Je vais tenter d’être aussi bref que possible pour poser quelques balises quant à ce qu’il est possible d’attendre de la COP 26 et d’éventuelles suivantes, posant ainsi des éléments de réponse à ces jeunes, symbolisés par la figure de la jeune militante suédoise Greta Thunberg.
Vivre dans le surendettement
Lorsque j’avais 20 ans, j’ai fait partie d’un ménage vivant dans le surendettement, et j’ai assumé cette situation pendant une dizaine d’années.
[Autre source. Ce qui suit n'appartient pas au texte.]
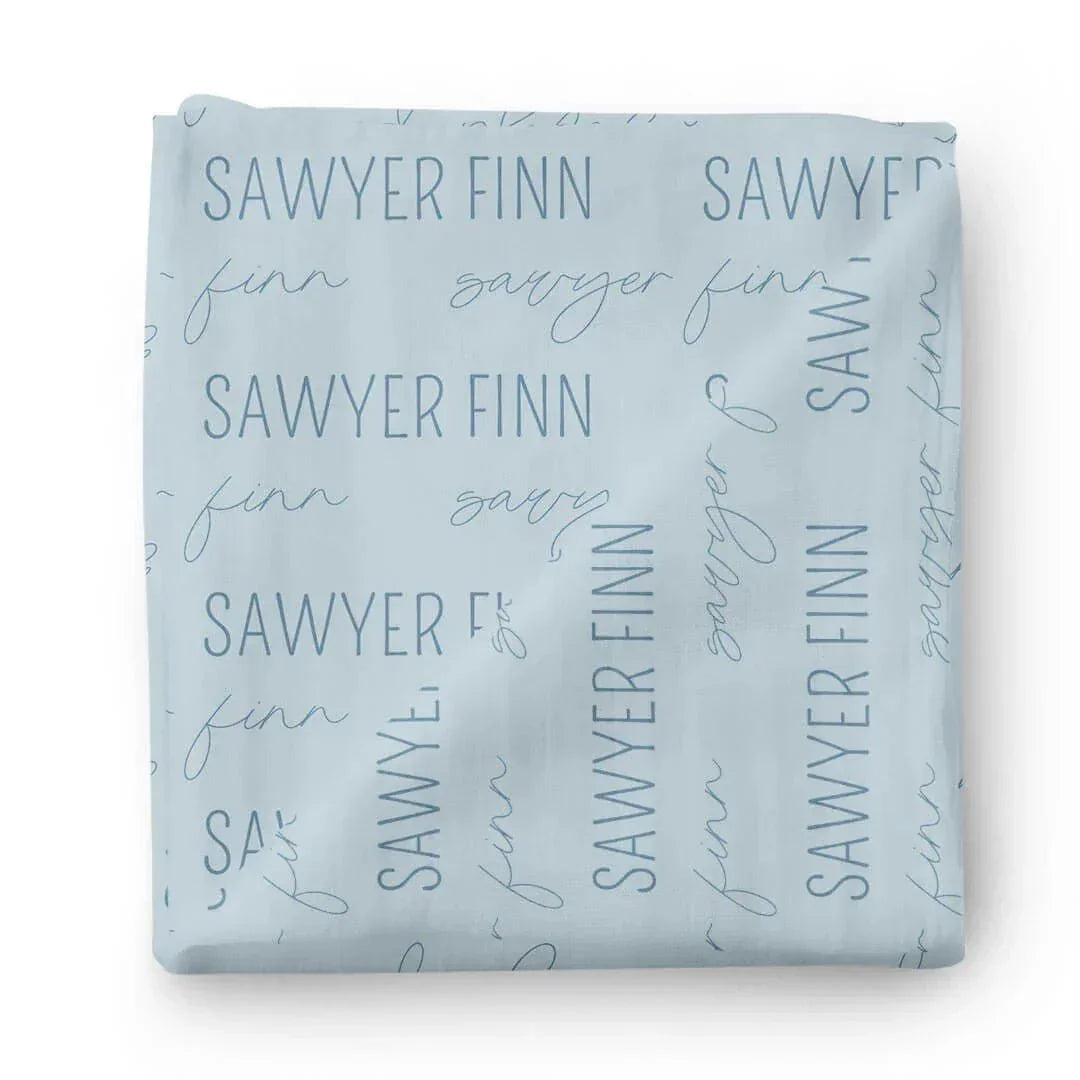 Personalized Baby Name Swaddle Blanket Block & Script , Personalized Baby Name Swaddle Blanket Block & Script - Script / Light Dusty Blue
Les ressources de ce ménage étaient modestes, injustement modestes, mais les explications du surendettement n’étaient pas uniquement là : elles étaient de deux ordres.
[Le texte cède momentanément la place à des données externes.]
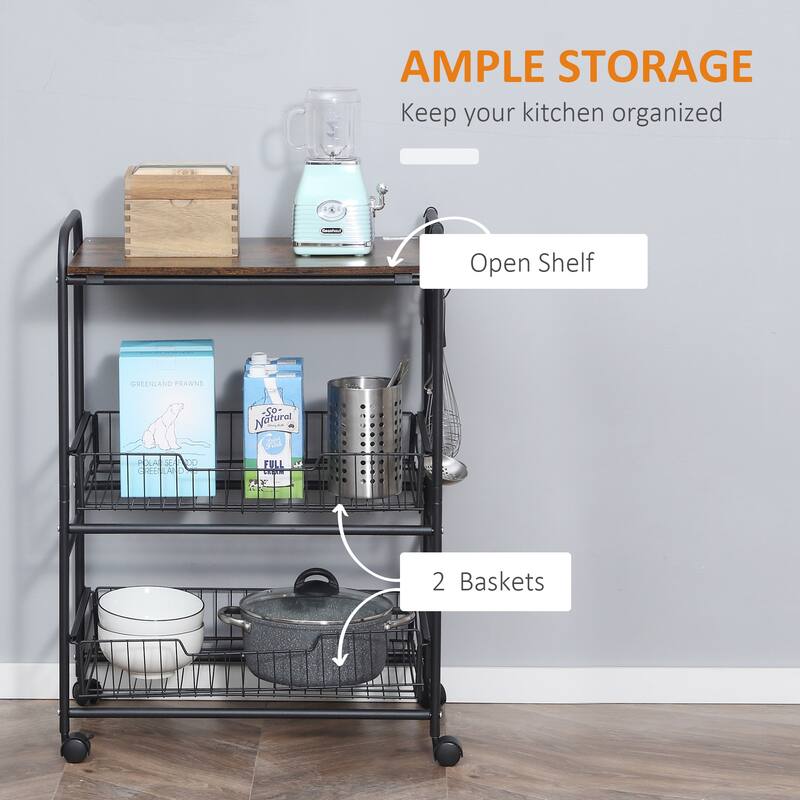 3 Tier Rolling Kitchen Cart With Storage(no include stool)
Premièrement, l’affrontement entre une logique du « droit à » et une logique des moyens. Selon la logique du « droit à », on part des envies, des standards de consommation. Selon la logique des moyens, on part des rentrées, on soustrait les dépenses incompressibles et on contrôle le reste, d’une façon d’autant plus stricte que ce reste est faible.
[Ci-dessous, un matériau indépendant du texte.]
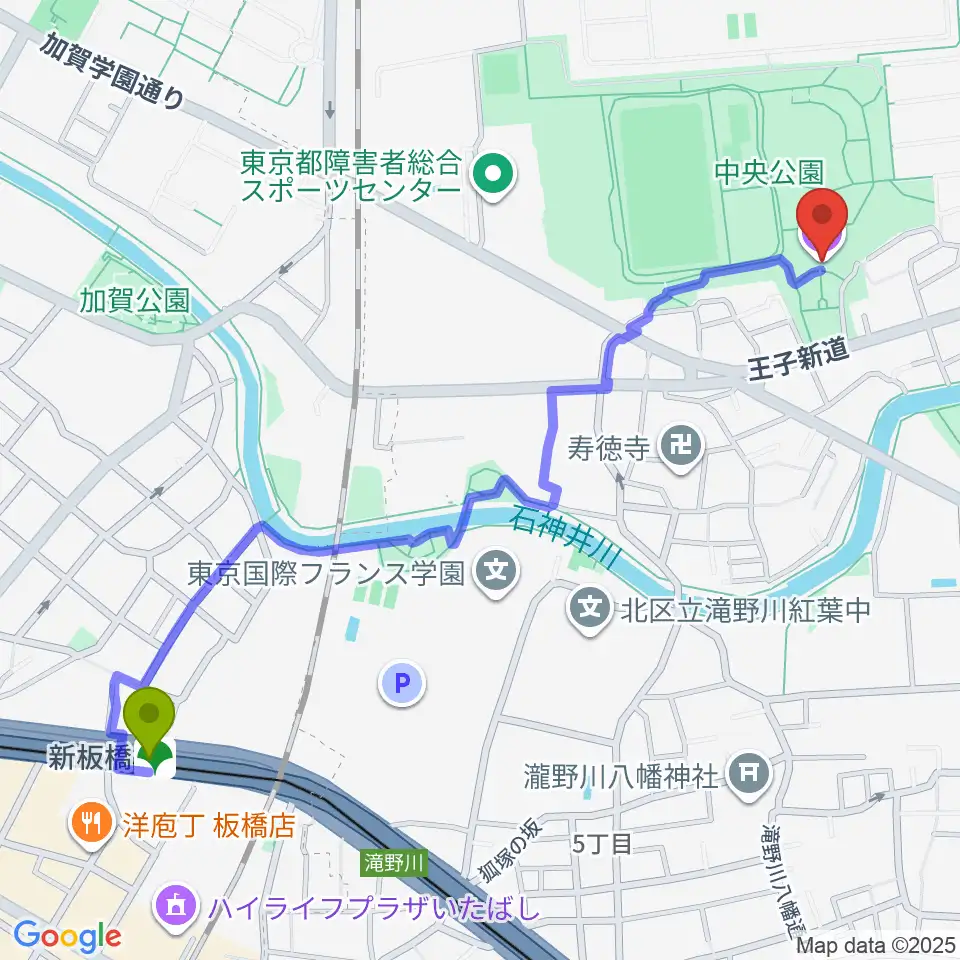 北区立中央公園文化センターの最寄駅新板橋駅からの徒歩ルート（約14分）地図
Deuxièmement, le poids du passé, c’est-à-dire le fait qu’une partie importante des dépenses incompressibles consiste en des dettes passées à rembourser assez rapidement.
Ces deux ordres d’explications ne sont pas indépendants l’un de l’autre : partant de la logique du « droit à », il est assez facile de se lamenter sur l’injustice de devoir rembourser des dettes plus ou moins anciennes, correspondant à des évènements passés plus ou moins malchanceux.
Sortir de ce surendettement-là a exigé à la fois une grande discipline et d’affronter le passé sans pleurnicher. Cela laisse peu de place à la légèreté et implique d’aller chercher ses satisfactions ailleurs que dans la consommation.
Surendettement de l’effet de serre
L’effet de serre dont est issu le réchauffement climatique est principalement dû aux combustibles fossiles, dont le qualificatif « fossile » indique que ces combustibles ont emmagasiné de grandes quantités de carbone et que leur combustion renvoie ce carbone dans l’atmosphère sous la forme de CO2. Les combustibles fossiles ne sont pas la seule cause du réchauffement climatique : s’y ajoutent les émissions d’autres gaz à effet de serre, comme le méthane, et la diminution de la captation du CO2 par les végétaux et par les océans, ou encore les émissions liées à certaines réactions chimiques, comme la production du ciment.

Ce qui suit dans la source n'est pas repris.